90‑day testing plan: run controlled A/B tests on store listings and ads in parallel. Use three variants: (A) Hook-first (Template A), (B) Story (Template B), (C) Feature spotlight (Template C). Track installs per-impression (CVR), first-week retention, and cost per install for paid ads. Swap in the best performing preview on each platform and iterate.

  • Export: follow App Store Connect exact resolution & file specs; App previews max 30s and must be screen-accurate. (See Apple docs).
  • Test setup: equal traffic splits (store experiments or third‑party A/B tools), minimum 2,000 impressions per variant to start seeing signal.
  • Primary metric: CVR (installs / listing views).

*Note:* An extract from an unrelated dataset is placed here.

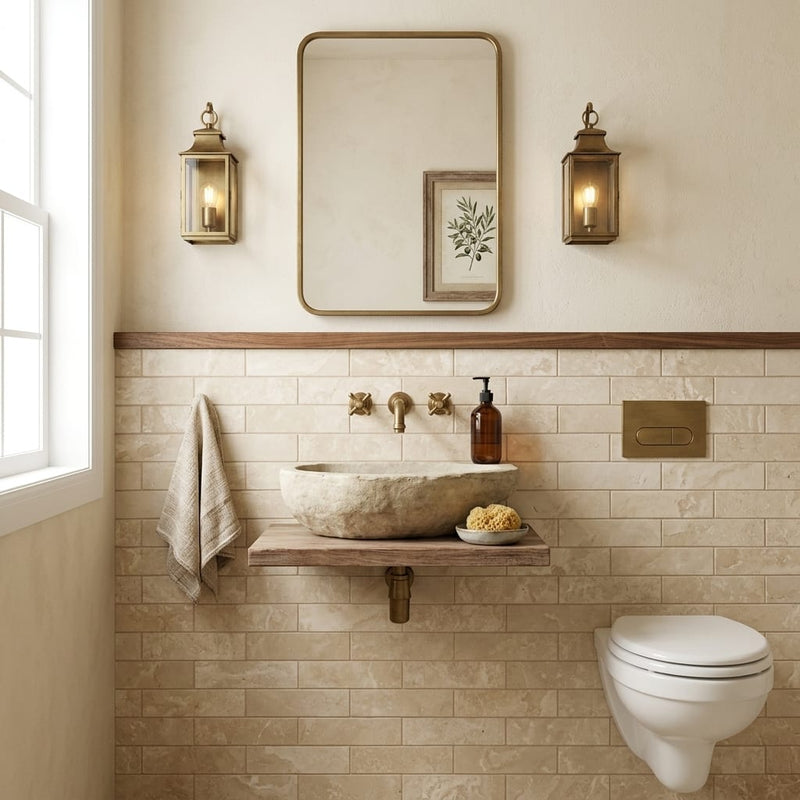 Durango 3x12 Brushed Straight Edge Travertine Tile — Powder Room wainscot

Secondary: 7‑day retention and LTV proxies.
  • Timeline: week 0 — launch 3 variants; weeks 1–4 — collect early CVR; weeks 5–12 — validate retention; week 13 — declare a winner and scale.

FAQ

Common follow-up questions

How strict is Apple about the ‘screen capture only’ rule?

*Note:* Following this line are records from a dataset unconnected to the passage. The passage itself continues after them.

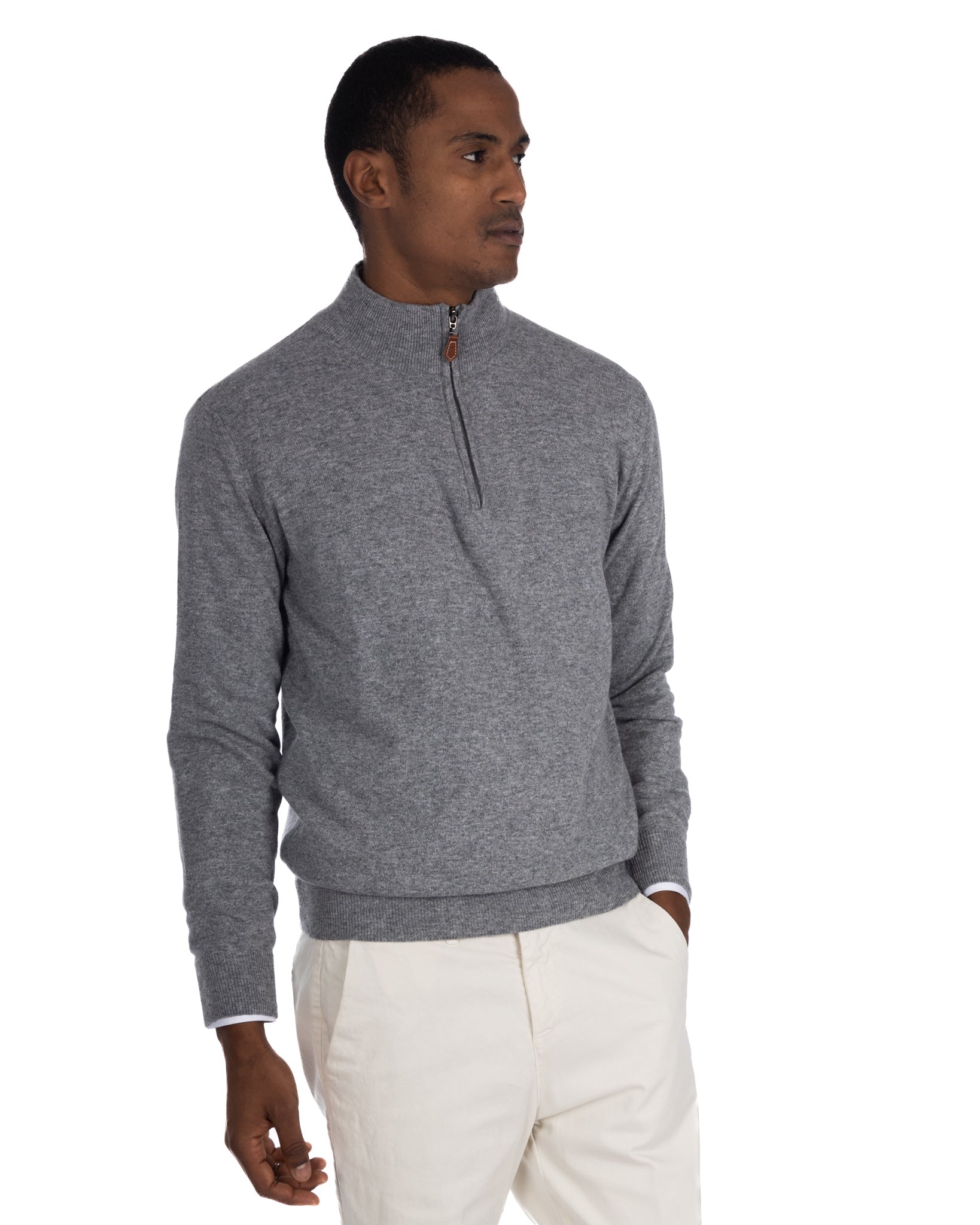 Rory - maglione grigio con zip in misto cachemire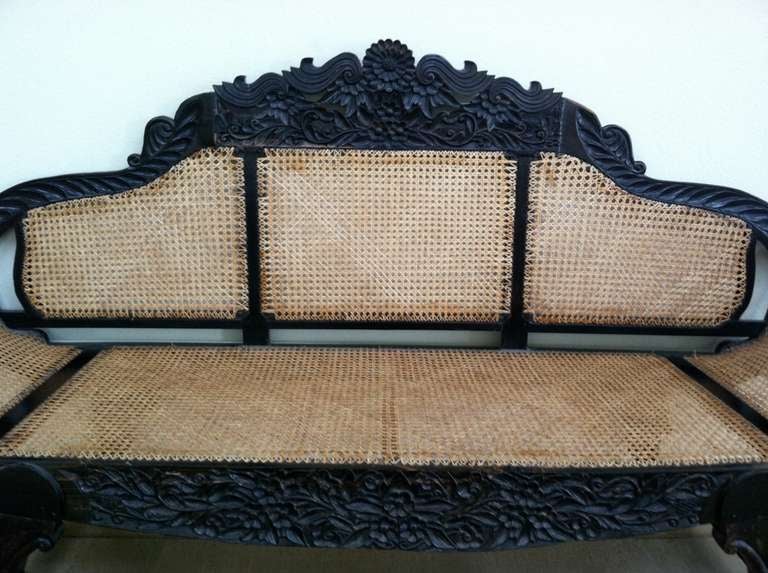 19th Century Anglo Indian Ebony Bench For Sale 5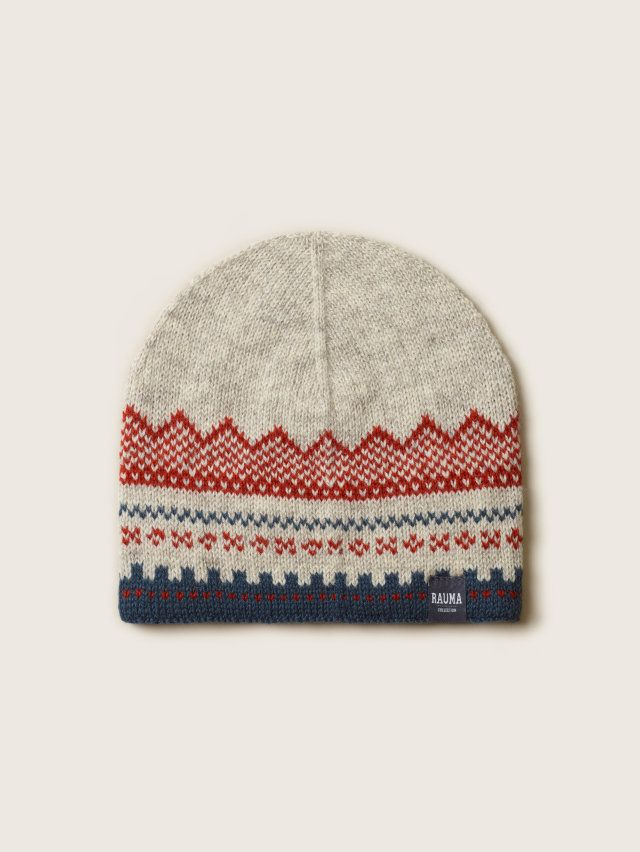 Marius Hat - Light Grey/Rust Red - One Size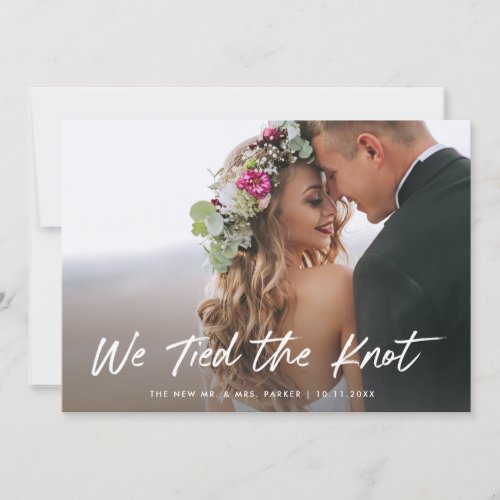 We Tied the Knot  Photo Elopement Announcement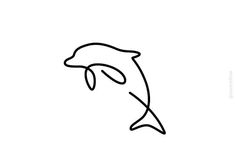 One Line Art Ink Drawing. Implied Line Drawing, One Line Animals, Class Drawing, Dolphin Logo, Dolphin Drawing, Animal Line Drawings, Dolphin Painting, Dolphins Tattoo, Dolphin Art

Apple requires App Previews to show actual in‑app experience or faithful recreations — the safest approach is to use direct screen captures or well-labeled UI simulations. Non‑UI footage is allowed sparingly (poster frames or illustrative B-roll) but primary content should be the app in use; check App Store Connect App Preview specifications before upload.

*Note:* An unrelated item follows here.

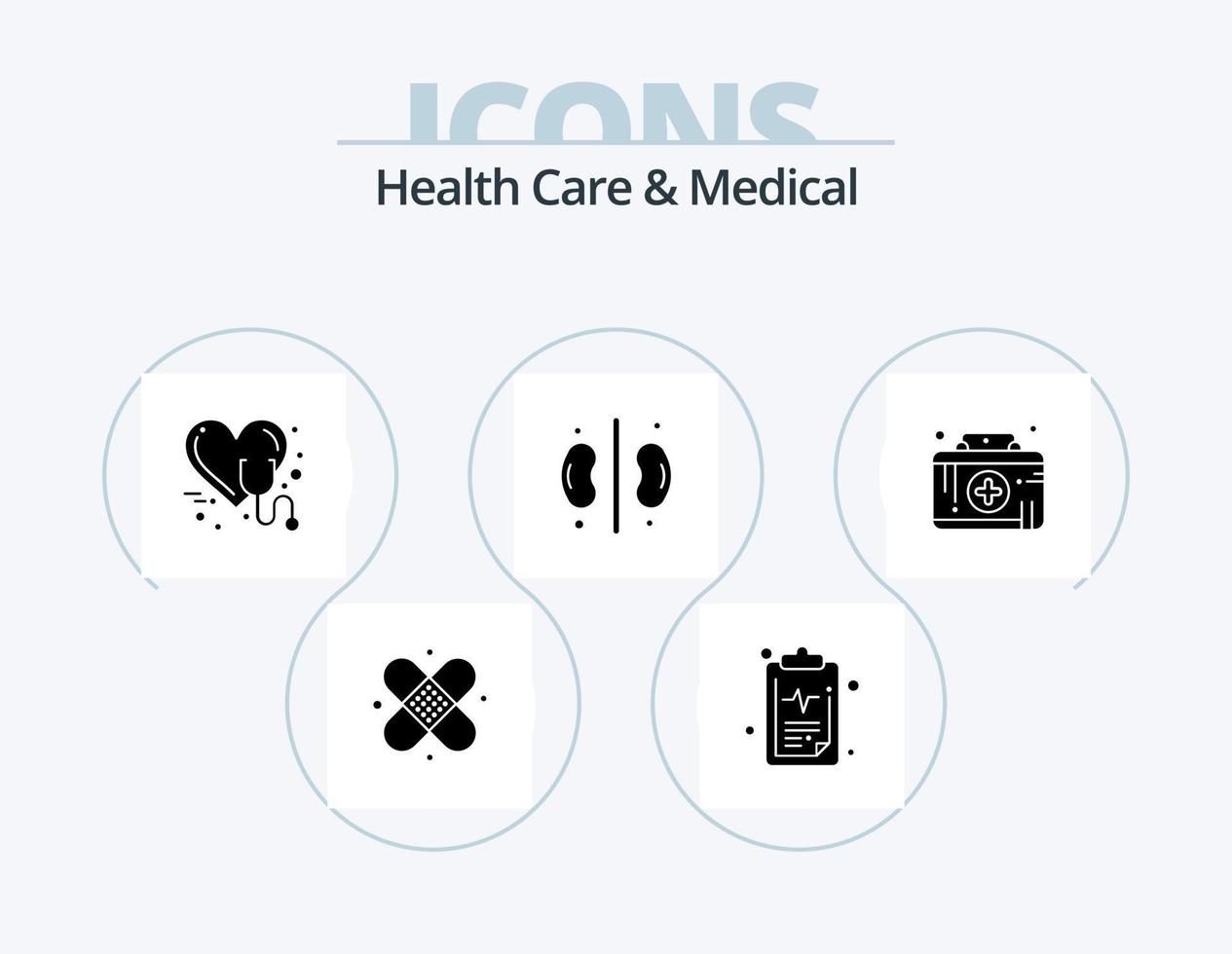 Gesundheitswesen und medizinisches Glyphen-Icon-Pack 5-Icon-Design. Erste-Hilfe-Kasten. Nieren. Pflege. Gesundheit. Herz vektor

Can I reuse the same 30s file for App Store, Play, and ads?

You can reuse the core footage, but export variants: Apple requires exact device-resolved files for previews; Google Play needs a YouTube-hosted file. Also create a 15s cut for ad placements — shorter versions often perform better in paid channels.

What improvement in CVR should I expect after optimizing previews?

Benchmarks vary by category and baseline creative quality. A well-targeted preview that communicates value clearly typically moves CVR enough to justify testing (single-digit to double-digit percentage point improvements are common in ASO case studies). Measure with experiments and compare installs-per-impression before and after to quantify gains.

What common upload issues cause App Store rejections?

Typical problems: wrong resolution/frame-rate, missing stereo audio track (Apple expects audio channels even if quiet), use of non‑app footage as main content, and overlays with prohibited wording. Rendering to Apple’s exact specs and validating in a clean QuickTime player helps avoid rejections.